How can I do ? I don know if I should take the tuple to edit it or figure out the tuple indice?

Any help ?

Answer 1

To do it exactly your way? You could use the for...else structure

for url in list_of_urls:
    for url_dict in urls:
        if url_dict['url'] == url:
            url_dict['nbr'] += 1
            break
    else:
        urls.append(dict(url=url, nbr=1))

But it is quite inelegant. Do you really have to store the visited urls as a LIST? If you sort it as a dict, indexed by url string, for example, it would be way cleaner:

urls = {'http://www.google.fr/': dict(url='http://www.google.fr/', nbr=1)}

for url in list_of_urls:
    if url in urls:
        urls[url]['nbr'] += 1
    else:
        urls[url] = dict(url=url, nbr=1)

A few things to note in that second example:

• see how using a dict for urls removes the need for going through the whole urls list when testing for one single url. This approach will be faster.
• Using dict( ) instead of braces makes your code shorter
• using list_of_urls, urls and url as variable names make the code quite hard to parse. It's better to find something clearer, such as urls_to_visit, urls_already_visited and current_url. I know, it's longer. But it's clearer.

And of course I'm assuming that dict(url='http://www.google.fr', nbr=1) is a simplification of your own data structure, because otherwise, urls could simply be:

urls = {'http://www.google.fr':1}

for url in list_of_urls:
    if url in urls:
        urls[url] += 1
    else:
        urls[url] = 1

Which can get very elegant with the defaultdict stance:

urls = collections.defaultdict(int)
for url in list_of_urls:
    urls[url] += 1

Answer 2

That is a very strange way to organize things. If you stored in a dictionary, this is easy:

urls = {'http://www.google.fr/' : 1 }
for url in list_of_urls:
    if not url in urls:
        urls[url] = 1
    else:
        urls[url] += 1

This is a common "pattern" in Python. It is so common that there is a special data structure, defaultdict, created just to make this even easier:

from collections import defaultdict
urls = defaultdict(int)
for url in list_of_urls:
    urls[url] += 1

If you access the defaultdict using a key, and the key is not already in the defaultdict, the key is automatically added with a default value. The default value comes from the argument. In this case, the default value comes from int(), which will return a 0 value. So, the first time you reference a URL, its count is initialized to zero, and then you add one to it.

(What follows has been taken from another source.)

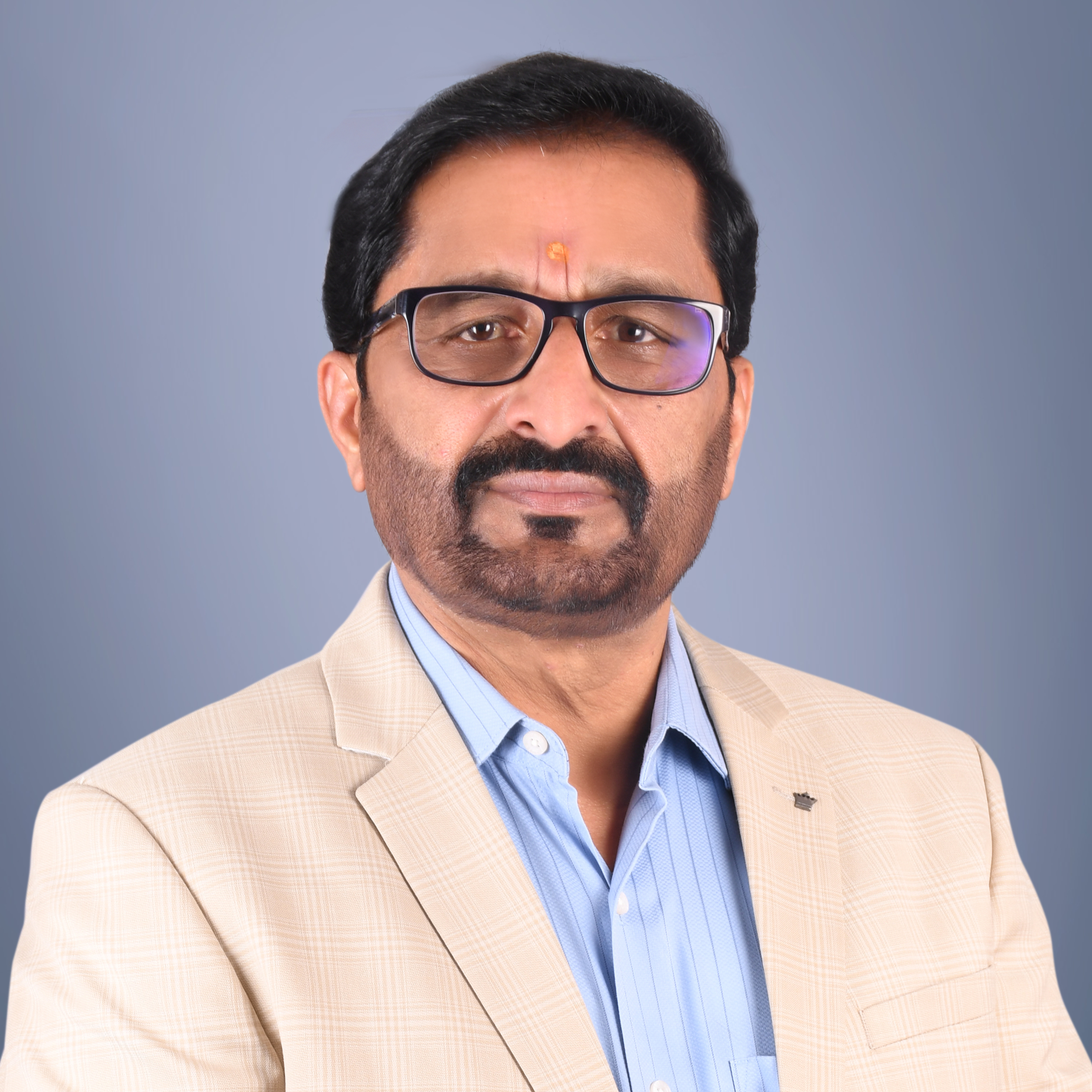 Dr. Vishnu Khabale Patil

If you really need to do it the way you showed, the easiest and fastest way would be to do it the way I showed, and then build the one you need:

from collections import defaultdict
urls_d = defaultdict(int)
for url in list_of_urls:
    urls_d[url] += 1

urls = []
for key, value in urls_d:
    urls.append({"url": key, "nbr": value})

Answer 3

Use defaultdict:

from collections import defaultdict

urls = defaultdict(int)

for url in list_of_urls:
    urls[url] += 1

Answer 4

Using the default works, but so does:

urls[url] = urls.get(url, 0) + 1

using .get, you can get a default return if it doesn't exist. By default it's None, but in the case I sent you, it would be 0.